What's Up! The name is CODY web name (RATED-R) There is to ways to do this.
The inexpensive way & the expensive way.
Way 2 first 
This is the real way, you need a compressor, airbrush, exterior car paint, primer, exterior clearcoat.

There is this fiber glass liquid that you apply with a paint brush it gets hard you use this on the cloth part and on the dashboard to take out the impressions.(I think you get this at a auto body shop) The colored paint too.

*a cheaper way is at the bottom of page.*

Wet sand paper the finest grit & the second finest. 
(The sand paper is for imperfection on the surfaces to be painted or repainted most of the interior has to be wet sanded before primed. If not primer and paint won't adheir well or at all.)

For way 1 or way 2 you need to wet sand everything accept door panel and dashboard. ( Center console, bessial, trim of all a/c vents the ones on the dashboard to, ash tray front ) all of these have to be wet sanded until it looks ashy you will know when to stop. This is to take the finish off.
2 wet sand get some warm water and a little bit of dish washing liquid that's it. 

Do the bessial first because it is the easiest to replace. This is like a stock look also. If you color this first it will be easier to color match & color accent the car. 

* If you use white do not use clear coat the heat will turn it yellow. Use white gloss in a spray can. ( AmericasFinest ) - Found at Home Depot.

* Things that people touch a lot use 2 coats of clearcoat ( Spray 1 coat one day wait 2 days and spray another. 

* If you spray to much clearcoat it cause the paint to fisheye spray in a fan motion not to close and not to far ( about 9 to 10 inches. Same with clearcoat.{*WATCH THE CLEARCOAT}

* When spraying get paint on you. Hold what ever you are spraying up so you can see what you are doing. Don't spray it on the floor because it will run and you will get drips.
*Take your time. Painting, and putting it back in.
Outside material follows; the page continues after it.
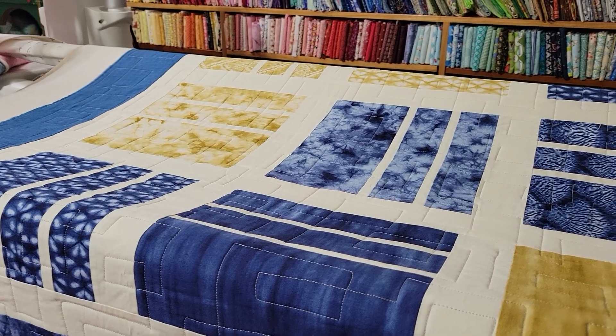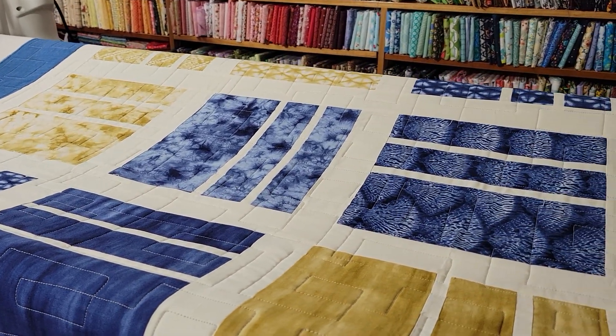Very beautiful quilt. Thank you so much for watching.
Way 1 - Go to Home Depot buy Americas Finest wet sandable primer ( blue can / gray top ) any Americas Finest color or (Krilon - ask any body who tags the colors are great!!! Last Americas Finest clearcoat ( blue can / clear top ) 
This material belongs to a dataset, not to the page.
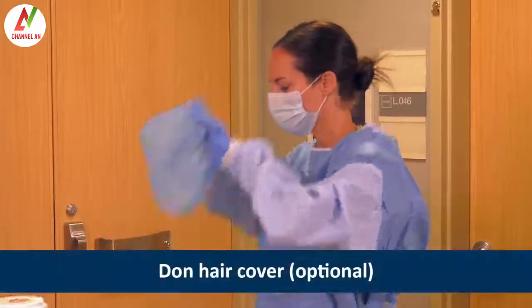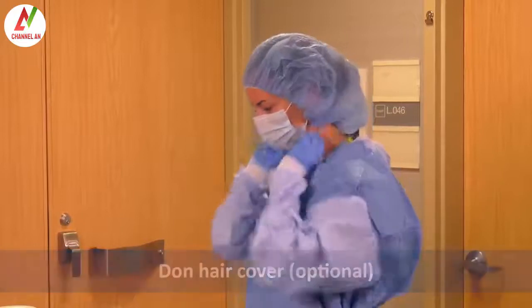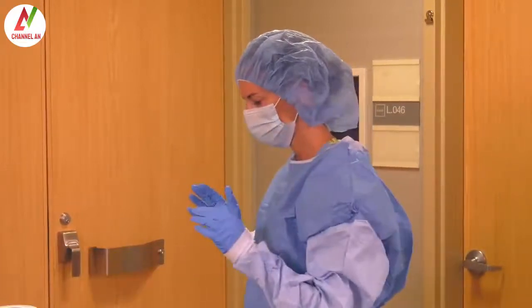Next, Heather puts on a hair cover. It should cover all hair and the ears. This step is optional and should be skipped if using a PAPR.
Any questions write me at ( [email protected] )
If I can get some pics I'll send them.

( For way 1 & 2 use same steps. )

Write back so I can help you step by step. ( Do one piece at a time. )


----------



## NissanTuner (Dec 1, 2002)

Plastikote spray paint works awesome on our interior pieces, I can honestly say that my interior bezel looks professionally painted, its that bright and glossy. I used Plastikote candy apple blue ontop of plastikote sandable primer, then basted the bitch in like 6 layers of plastikote candy apple metal flake clear coat.

Sanding is the most important aspect of this whole operation, your paint will look like crap if you dont sand the pieces completely smooth. If you wanna get an especially shiny coat, instead of sanding the pieces, bondo them with a very light coat to fill in the leather grain dimples molded into the plastic pieces, then sand it down.


----------



## 1CLNB14 (Apr 30, 2002)

www.G2usa.com

http://www.g2usa.com/interior.shtml


----------



## MP2050 (May 1, 2002)

1CLNB14 said:


> *www.G2usa.com
> 
> http://www.g2usa.com/interior.shtml *


Good company--I will be getting my Caliper paint from them soon....


----------



## 1CLNB14 (Apr 30, 2002)

MP2050 said:


> *Good company--I will be getting my Caliper paint from them soon.... *


I agree, they hooked me up.


----------



## N8inNV (Nov 16, 2002)

Well, All of you guys who gave me advice on how to paint my interior hlped alot.. the wet-sanding with 400grit, worked perfect, and I primered all the pieces, and sprayed about 2-3 coats of krilon mettalic silver paint on them, then double clear coated the pieces, for the glossy shine.. well, thanks again.. oh and, i also looked into the G2 caliper paint.. looks nice, on the project 200sx, they did a good job with it.. well, thanks again guys...

N8


----------



## runik (Dec 31, 2002)

Can we see some pictures n8?


----------



## N8inNV (Nov 16, 2002)

I will post some pics this weekend, i got school today so i cant get around to it till tomorrow... but i will it looks nice..


----------



## superfro86 (May 15, 2002)

only if i could get some of that G2 vinyl die in the exact same shade of gray to match my interior so i can make that black steering wheel match with my dashboard.


----------